12

I Have an array called $pages content is as follows:

Array
(
[01-about-us] => Page Object
    (
        [_uri] => about-us
        [_menuItem] => 01
        [_visable] => 1
    )

[02-contact] => Page Object
    (
        [_uri] => contact
        [_menuItem] => 02
        [_visable] => 1
    )

[_sitemap] => Page Object
    (
        [_uri] => sitemap
        [_menuItem] => 
        [_visable] => 
    )

[home] => Page Object
    (
        [_uri] => home
        [_menuItem] => 
        [_visable] => 1
    )
)

is there an easy way to loop through and get page objects by there properties ie:

<?php foreach($pages->_visible() AS $p): ?>
  <li> page </li>
<?php endforeach ?>
3
  • Do you mean you want to only fetch objects that are visible in this case?

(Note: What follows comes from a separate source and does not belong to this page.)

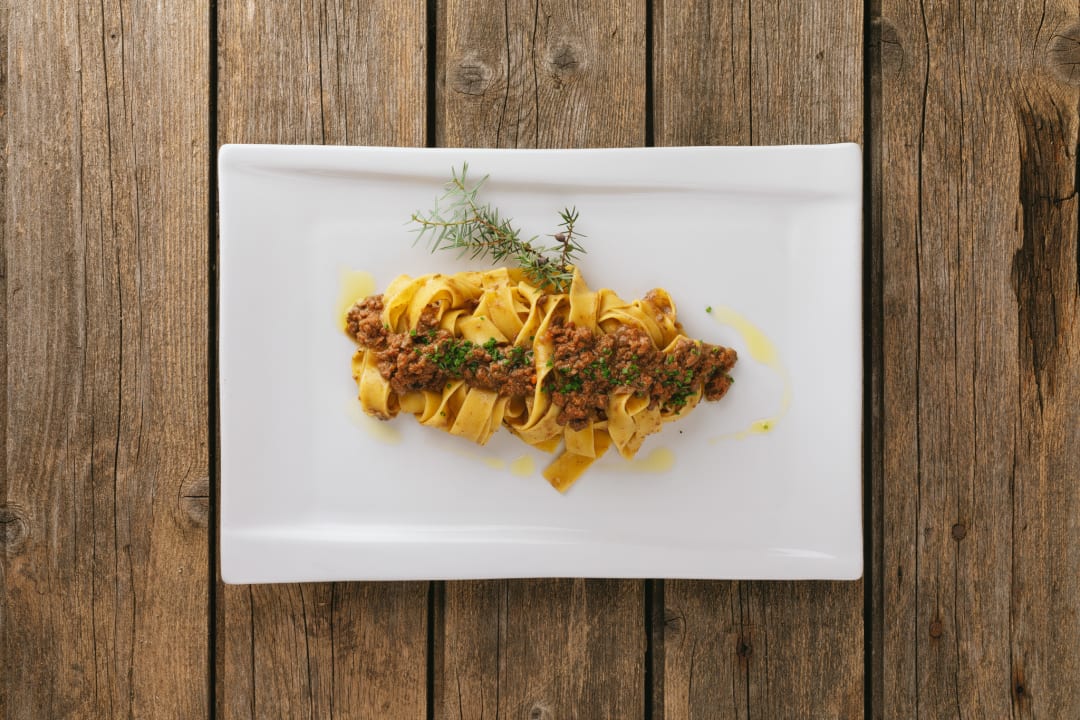 Gastro Residence Camping Sass Dlacia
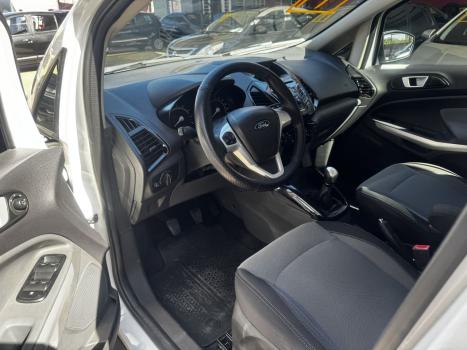 FORD Ecosport 1.6 4P FREESTYLE FLEX, Foto 9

Commented Dec 20, 2012 at 9:58
  • 1
    Just loop over the array normally and use an if statement inside the loop to determine whether each page object is visible and a list element should be rendered. Commented Dec 20, 2012 at 9:59
  • Two things: 1: you are inconsistently spelling visible. 2: in the array you refer to visable as a field, in the foreach as a method. Commented Dec 20, 2012 at 10:07

3 Answers 3

23

No. You will have to use an if:

foreach ($pages as $page) {
    if ($page->_visible == 1) {
        echo "<li>page</li>";
    }
}

(Note also you misspelt visible in the array, perhaps a typo?)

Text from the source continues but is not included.